Золотой меч, пронизывающий пурпур лиловых миров, разгорается ослепительно – и пронзает сердце теурга. Уже начинает сквозить лицо среди небесных роз; различается голос; возникает диалог, подобный тому, который описан в «Трех Свиданиях» Вл. Соловьева; он говорит: «Не трижды ль Ты далась живому взгляду? – Твое лицо явилось, но всю Тебя хочу я увидать». – Голос говорит: «Будь в Египте».
Таков конец «тезы». Начинается чудо одинокого преображения.

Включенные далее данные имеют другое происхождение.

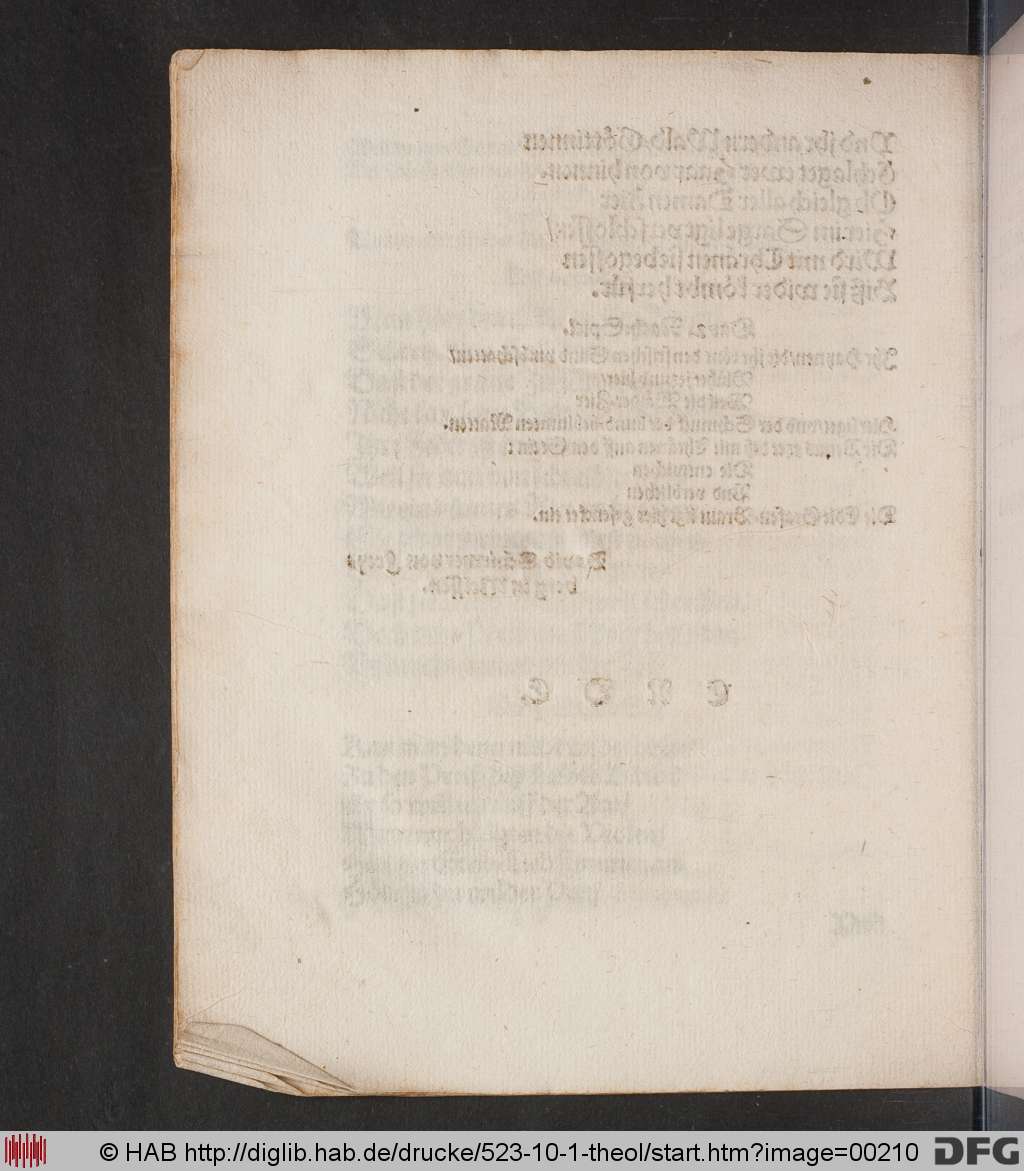 http://diglib.hab.de/drucke/523-10-1-theol/00210.jpg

Тогда, уже ясно предчувствуя изменение облика, как бы ощущая прикосновение чьих-то бесчисленных рук к своим плечам в лилово-пурпурном сумраке, который начинает просачиваться в золото, предвидя приближение каких-то огромных похорон, – теург отвечает на призывы:
Буря уже коснулась Лучезарного Лика, он почти воплощен, то есть – Имя почти угадано. Предусмотрено все, кроме одного: мертвой точки торжества. Это – самый сложный момент перехода от тезы к антитезе, который определяется уже a posteriori[1] и который я умею рассказать, лишь введя фикцию чьего-то постороннего вмешательства (лицо мне неизвестно). Вся картина переживаний изменяется существенно, начинается «антитеза», «изменение облика», которое предчувствовалось уже в самом начале «тезы». События, свидетельствующие об этом, следующие.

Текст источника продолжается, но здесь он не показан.